AoC 2024 Day 2: Safinator

Source: Day 2: Red-Nosed Reports

Full solution for today (spoilers!).

Part 1

Count how many given lists of numbers are safe:

  1. Sorted (either ascending or descending)
  2. Strictly increasing/decreasing (no duplicate values)
  3. No increase/decrease is by more than 3

Fair enough. First, we’ll parse:

#[aoc_generator(day2)]
fn parse(input: &str) -> Vec<Vec<i32>> {
    input
        .lines()
        .map(|line| {
            line.split_ascii_whitespace()
                .map(|v| v.parse::<i32>().unwrap())
                .collect::<Vec<i32>>()
        })
        .collect()
}

Then define what it means to be safe:

// Initial version takes in a vector and checks for 'safeness'
// Must be either strictly increasing or decreasing with no difference greater than 3
fn safe(report: &[i32]) -> bool {
    (report.is_sorted() || report.iter().rev().is_sorted())
        && report
            .iter()
            .zip(report.iter().skip(1))
            .all(|(a, b)| a != b && (a - b).abs() <= 3)
}

I like having is_sorted(). And because Vec implemented DoubleEndedIterator, it’s fairly cheap to have all these Iters floating around.

The last trick is the zip, but because one is iter() and the other is iter().skip(1), that’s just a fancy way of making a 2 element sliding window.

Okay, we have that, check if all the given lists are safe:

#[aoc(day2, part1, initial)]
fn part1_initial(input: &[Vec<i32>]) -> usize {
    input.iter().filter(|report| safe(report)).count()
}

Run it:

$ cargo aoc --day 2 --part 1

AOC 2024
Day 2 - Part 1 - initial : 432
	generator: 112.208µs,
	runner: 14.834µs

Nice!

Part 2

How many are safe if you allow skipping any one element?
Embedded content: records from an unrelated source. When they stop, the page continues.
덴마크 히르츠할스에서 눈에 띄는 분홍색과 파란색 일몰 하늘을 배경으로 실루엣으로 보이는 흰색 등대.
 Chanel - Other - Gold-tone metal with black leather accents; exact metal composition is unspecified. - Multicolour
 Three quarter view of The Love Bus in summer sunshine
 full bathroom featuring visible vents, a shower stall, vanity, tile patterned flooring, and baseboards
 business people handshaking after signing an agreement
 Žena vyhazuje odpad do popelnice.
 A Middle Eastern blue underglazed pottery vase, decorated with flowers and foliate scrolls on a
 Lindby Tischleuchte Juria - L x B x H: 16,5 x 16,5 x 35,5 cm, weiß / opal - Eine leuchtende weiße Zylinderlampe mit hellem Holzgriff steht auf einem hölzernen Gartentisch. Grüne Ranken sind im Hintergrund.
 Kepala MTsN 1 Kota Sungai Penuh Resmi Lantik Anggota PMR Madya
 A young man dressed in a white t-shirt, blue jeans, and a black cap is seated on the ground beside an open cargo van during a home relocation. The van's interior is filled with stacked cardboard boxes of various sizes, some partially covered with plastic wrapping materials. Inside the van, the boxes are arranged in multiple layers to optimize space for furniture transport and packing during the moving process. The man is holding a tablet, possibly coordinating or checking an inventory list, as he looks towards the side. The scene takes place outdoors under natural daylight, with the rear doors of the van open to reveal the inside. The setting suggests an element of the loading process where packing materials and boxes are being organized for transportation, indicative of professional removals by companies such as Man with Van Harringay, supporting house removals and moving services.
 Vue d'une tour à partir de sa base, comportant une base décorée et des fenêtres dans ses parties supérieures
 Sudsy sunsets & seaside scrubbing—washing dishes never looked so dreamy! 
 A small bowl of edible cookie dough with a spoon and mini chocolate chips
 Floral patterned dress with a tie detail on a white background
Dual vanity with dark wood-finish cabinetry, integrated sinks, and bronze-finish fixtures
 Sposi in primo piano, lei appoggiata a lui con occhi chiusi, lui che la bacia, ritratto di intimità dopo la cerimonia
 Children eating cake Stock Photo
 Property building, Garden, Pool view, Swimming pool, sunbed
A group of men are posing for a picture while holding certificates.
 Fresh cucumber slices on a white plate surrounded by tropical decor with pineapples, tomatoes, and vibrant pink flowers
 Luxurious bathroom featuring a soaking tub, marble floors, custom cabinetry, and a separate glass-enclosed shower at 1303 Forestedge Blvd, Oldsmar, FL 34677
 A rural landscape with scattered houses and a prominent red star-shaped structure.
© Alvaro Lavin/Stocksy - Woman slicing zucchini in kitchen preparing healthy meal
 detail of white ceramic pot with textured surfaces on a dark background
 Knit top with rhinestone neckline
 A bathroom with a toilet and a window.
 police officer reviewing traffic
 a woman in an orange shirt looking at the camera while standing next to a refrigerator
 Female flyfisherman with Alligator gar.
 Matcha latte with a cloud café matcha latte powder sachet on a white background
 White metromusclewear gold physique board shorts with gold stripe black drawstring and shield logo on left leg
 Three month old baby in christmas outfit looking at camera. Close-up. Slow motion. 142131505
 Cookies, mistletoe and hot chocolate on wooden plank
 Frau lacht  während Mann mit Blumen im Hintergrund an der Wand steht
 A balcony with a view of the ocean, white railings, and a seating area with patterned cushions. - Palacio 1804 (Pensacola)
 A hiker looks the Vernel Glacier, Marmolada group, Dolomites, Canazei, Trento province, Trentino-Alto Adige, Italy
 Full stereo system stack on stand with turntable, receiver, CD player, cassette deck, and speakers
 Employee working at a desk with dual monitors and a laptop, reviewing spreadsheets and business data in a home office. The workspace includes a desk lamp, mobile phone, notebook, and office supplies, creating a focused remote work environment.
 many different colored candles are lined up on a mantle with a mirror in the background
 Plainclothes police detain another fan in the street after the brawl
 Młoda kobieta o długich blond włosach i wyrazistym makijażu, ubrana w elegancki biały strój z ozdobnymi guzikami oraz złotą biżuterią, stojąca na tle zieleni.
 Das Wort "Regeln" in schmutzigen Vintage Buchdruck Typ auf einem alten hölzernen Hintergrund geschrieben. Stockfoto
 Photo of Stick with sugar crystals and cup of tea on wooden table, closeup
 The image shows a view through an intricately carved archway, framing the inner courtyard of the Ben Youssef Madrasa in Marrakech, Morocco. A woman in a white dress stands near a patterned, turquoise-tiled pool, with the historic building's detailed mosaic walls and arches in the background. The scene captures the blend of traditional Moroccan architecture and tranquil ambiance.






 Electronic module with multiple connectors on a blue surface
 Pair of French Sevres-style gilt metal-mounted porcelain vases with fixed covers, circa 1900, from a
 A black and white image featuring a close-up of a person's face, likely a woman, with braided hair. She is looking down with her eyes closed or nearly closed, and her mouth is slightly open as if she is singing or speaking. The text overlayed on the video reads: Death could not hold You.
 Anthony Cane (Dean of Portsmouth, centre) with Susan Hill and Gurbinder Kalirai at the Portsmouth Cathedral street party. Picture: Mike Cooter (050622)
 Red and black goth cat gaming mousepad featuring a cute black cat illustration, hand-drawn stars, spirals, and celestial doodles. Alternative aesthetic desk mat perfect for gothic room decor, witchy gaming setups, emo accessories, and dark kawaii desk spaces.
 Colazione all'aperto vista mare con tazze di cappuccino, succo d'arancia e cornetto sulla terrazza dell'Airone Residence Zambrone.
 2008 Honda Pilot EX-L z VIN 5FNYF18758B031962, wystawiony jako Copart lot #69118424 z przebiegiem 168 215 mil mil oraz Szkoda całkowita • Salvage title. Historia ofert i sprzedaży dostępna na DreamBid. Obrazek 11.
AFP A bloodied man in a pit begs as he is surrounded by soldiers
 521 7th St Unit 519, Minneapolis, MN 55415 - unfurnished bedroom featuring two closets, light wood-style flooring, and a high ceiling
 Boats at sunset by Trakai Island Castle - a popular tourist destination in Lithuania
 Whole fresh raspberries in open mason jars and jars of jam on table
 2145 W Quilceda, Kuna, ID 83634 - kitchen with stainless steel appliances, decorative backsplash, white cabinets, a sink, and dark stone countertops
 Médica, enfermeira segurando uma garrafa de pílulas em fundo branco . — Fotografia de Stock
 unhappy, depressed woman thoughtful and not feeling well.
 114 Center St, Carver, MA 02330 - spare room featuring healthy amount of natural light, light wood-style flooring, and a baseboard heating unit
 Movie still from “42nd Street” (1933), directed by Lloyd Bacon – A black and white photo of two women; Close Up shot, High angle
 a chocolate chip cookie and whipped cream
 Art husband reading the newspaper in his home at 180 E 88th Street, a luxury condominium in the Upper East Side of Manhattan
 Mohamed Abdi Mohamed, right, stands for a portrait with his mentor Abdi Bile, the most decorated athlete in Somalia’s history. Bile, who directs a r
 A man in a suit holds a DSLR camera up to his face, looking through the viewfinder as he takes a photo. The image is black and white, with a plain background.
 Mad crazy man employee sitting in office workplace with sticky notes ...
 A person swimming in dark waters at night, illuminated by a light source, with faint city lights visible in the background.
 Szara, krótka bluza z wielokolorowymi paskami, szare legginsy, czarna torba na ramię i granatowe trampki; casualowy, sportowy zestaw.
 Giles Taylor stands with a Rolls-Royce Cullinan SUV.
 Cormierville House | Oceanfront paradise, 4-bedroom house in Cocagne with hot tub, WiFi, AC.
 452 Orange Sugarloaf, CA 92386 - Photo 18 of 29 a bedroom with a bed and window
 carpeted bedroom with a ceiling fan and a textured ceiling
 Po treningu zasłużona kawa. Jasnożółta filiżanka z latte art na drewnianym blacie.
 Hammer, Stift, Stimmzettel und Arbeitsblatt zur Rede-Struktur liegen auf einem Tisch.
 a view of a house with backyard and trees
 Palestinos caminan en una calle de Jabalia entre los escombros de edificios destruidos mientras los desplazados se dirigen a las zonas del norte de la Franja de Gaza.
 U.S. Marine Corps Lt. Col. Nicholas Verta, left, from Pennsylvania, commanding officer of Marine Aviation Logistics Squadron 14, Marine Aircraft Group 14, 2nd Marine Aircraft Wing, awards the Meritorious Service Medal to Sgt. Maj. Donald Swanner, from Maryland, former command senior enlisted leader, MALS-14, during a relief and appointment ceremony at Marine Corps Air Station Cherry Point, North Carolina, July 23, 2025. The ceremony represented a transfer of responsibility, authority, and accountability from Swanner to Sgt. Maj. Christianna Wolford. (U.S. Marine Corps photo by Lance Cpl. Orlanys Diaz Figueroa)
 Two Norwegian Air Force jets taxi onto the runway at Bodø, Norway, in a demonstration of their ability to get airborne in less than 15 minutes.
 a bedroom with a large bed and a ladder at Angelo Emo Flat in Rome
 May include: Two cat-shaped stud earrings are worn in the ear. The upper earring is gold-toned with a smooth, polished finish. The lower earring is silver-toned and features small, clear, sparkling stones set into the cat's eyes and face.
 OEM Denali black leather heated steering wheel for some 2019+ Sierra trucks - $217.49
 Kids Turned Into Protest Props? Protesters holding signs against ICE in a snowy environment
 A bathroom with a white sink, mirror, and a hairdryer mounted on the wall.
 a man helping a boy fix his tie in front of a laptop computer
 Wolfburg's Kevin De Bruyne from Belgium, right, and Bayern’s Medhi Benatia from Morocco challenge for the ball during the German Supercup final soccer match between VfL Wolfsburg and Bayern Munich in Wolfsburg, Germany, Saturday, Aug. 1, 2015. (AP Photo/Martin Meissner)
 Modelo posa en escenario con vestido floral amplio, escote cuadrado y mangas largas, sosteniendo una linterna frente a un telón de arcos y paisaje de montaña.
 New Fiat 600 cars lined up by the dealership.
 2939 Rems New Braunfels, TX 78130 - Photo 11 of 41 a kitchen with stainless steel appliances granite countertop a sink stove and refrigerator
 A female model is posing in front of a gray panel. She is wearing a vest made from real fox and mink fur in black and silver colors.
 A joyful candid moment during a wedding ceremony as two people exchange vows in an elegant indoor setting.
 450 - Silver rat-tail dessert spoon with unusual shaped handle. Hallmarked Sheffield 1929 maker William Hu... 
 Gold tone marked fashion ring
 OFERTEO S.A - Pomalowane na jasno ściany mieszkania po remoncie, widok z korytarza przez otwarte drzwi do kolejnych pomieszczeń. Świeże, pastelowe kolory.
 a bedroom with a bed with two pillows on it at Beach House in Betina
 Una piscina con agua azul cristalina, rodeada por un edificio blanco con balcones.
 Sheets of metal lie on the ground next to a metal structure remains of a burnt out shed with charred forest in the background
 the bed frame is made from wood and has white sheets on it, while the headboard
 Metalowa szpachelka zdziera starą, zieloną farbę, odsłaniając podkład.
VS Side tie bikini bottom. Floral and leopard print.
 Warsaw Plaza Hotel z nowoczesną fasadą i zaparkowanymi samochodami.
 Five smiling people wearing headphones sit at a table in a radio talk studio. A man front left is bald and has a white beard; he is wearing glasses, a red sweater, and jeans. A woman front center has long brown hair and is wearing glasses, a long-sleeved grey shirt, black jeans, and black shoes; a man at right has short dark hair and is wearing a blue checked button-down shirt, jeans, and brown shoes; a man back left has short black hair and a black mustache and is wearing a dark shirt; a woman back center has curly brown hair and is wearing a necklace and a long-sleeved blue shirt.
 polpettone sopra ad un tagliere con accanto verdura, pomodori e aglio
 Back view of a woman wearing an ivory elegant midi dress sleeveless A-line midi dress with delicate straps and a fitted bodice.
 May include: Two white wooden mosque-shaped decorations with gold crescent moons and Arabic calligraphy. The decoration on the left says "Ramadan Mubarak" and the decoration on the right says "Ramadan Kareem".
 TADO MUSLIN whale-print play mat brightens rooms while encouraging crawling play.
Okay, this one is actually more interesting that you’d expect to do more quickly. But first, a direct solution to it:

#[aoc(day2, part2, initial)]
fn part2_initial(input: &[Vec<i32>]) -> usize {
    input
        .iter()
        .filter(|report| {
            for n in 0..report.len() {
                let mut sub_report = (*report).clone();
                sub_report.remove(n);
                if safe(&sub_report) {
                    return true;
                }
            }
            false
        })
        .count()
}

Basically, for each possible element, we’ll create a new report that removes it and then check if that’s safe (bailing out as soon as we find one as a small optimization).

And it works well enough:

$ cargo aoc --day 2 --part 2

AOC 2024
Day 2 - Part 2 - initial : 488
	generator: 96µs,
	runner: 164.75µs

But… despite the fact that it’s already running in ~250µs (including parsing; and that’s really plenty fast), we can do better.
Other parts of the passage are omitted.